Westminster Council have just imposed a fine on anyone caught feeding pidgeons in Trafalger Square. This includes the north bank because the art galleries there complained about the bird seed left on the ground outside their galleries. Feeding birds in the square has, I think, been banned for at least a year but now you can be fined quite a large sum of money for it.

A spokeswoman from PETA who, in my opinion, got totally the wrong end of the stick about what was going on said that other countries had introduced contraceptive feed to stop the pidgeons breeding and it would be better to reduce the feeding gradually to reduce the risk of starvation.

I listened to this and thought... what has contraceptive feed and starvation got to do with not feeding pidgeons in Trafalger square ? Was culling mentioned ? _No_... Was reducing pidgeon numbers mentioned ? _No._ How big is Trafalger Square on the scale of Pidgeon food sources for the UK pidgeon population ?... _Not very big._... _tiny ?_

Now I am no pidgeon expert ( according to the spell checker, I can't even spell it ) 
but going purely by David Attenborough programs and natural behaviour of every animal in existance... *if the food dries up in one location, they move to another. They do not just sit around and starve themselves to death.
*
Or have I got the wrong end of the stick ?
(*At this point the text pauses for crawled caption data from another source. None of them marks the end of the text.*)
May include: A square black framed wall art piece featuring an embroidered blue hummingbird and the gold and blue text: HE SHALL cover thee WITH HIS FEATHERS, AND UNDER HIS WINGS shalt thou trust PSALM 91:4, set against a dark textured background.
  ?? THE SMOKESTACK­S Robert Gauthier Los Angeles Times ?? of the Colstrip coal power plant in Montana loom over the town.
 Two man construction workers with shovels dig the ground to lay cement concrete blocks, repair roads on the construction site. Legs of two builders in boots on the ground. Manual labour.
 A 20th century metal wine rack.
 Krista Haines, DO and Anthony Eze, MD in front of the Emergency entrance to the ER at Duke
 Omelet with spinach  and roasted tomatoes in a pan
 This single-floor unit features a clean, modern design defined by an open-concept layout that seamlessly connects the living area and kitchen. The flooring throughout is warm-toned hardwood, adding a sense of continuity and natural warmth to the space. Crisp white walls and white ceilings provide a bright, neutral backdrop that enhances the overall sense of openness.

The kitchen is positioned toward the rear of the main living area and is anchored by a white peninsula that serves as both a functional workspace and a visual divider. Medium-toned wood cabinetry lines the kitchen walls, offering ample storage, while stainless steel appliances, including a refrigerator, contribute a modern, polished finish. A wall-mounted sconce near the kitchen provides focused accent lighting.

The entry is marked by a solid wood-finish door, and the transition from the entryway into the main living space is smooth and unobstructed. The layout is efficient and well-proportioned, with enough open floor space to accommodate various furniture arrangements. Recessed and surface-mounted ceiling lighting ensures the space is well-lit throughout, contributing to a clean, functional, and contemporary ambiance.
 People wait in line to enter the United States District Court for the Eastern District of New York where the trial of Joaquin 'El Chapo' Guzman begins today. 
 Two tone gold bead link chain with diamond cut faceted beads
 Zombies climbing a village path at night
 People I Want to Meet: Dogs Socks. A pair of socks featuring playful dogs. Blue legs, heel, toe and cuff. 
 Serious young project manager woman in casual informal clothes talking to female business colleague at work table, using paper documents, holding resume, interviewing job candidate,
If this is PETA's response to a complete "Non-Problem" .... what chance do we have as animal keepers who they despise ?


----------



## Akua_Ko_Nalu (Feb 15, 2007)

Your on the right lines, animals move on, and adapt.

And as for our chances, time most of us wake up and smell the bacon.

One thing though, wasn't it poultry and racing pidgeons that were not under much scrutiny?

I know these aren't racing pidgeons but it's an interesting turn of events.


----------



## JPWS (Jul 29, 2007)

A few years back they introduced some peregrine falcons to cut the numbers a bit in certain parts of London. They're successfully breeding but there's still (a hundred and) one too many pigeons.

They are irritating and I'm sure nobody would miss them from certain parts of town, I'm more concerned about trying to get rid of them from my garden! I wouldn't kill them, just get them to move on.

PETA and their ilk tend to get things mixed up all the time and always assume/act against the worst case scenario. They may have small brains (and pigeons!) but they're not stupid enough to wait a week at the risk of starving to death rather than fly somewhere else for food and a new home.


----------



## ratboy (Jan 10, 2007)

It just strikes me that the response given has nothing to do with the question at hand. 

_oooo... someone said the word pigeon... they're actually talking about not feeding them and getting them to move on naturally... but that does not matter, let's talk about death and culling.
_
Is this a tactic the PKL should adopt when questions are asked by 'the public' ? It obviously works.


----------



## TSKA Rory Matier (May 27, 2007)

*Oddly enough...*

Hi R/B

True .....

The PKL are already thinking up ways of answering questions as well designing promotional campaigns that work in exactly the same way as that of the likes of Peta.

R


----------



## Natrix (Dec 9, 2006)

I seem to recall that Ken Livingstone was originally advised on how to deal with the pigeons by Animal Aid and their expert :lol2: Clifford Warwick.

As for PETA, try having a read here PETA Trial (Day 1): Jury Selection and a Bombshell

Gordon


----------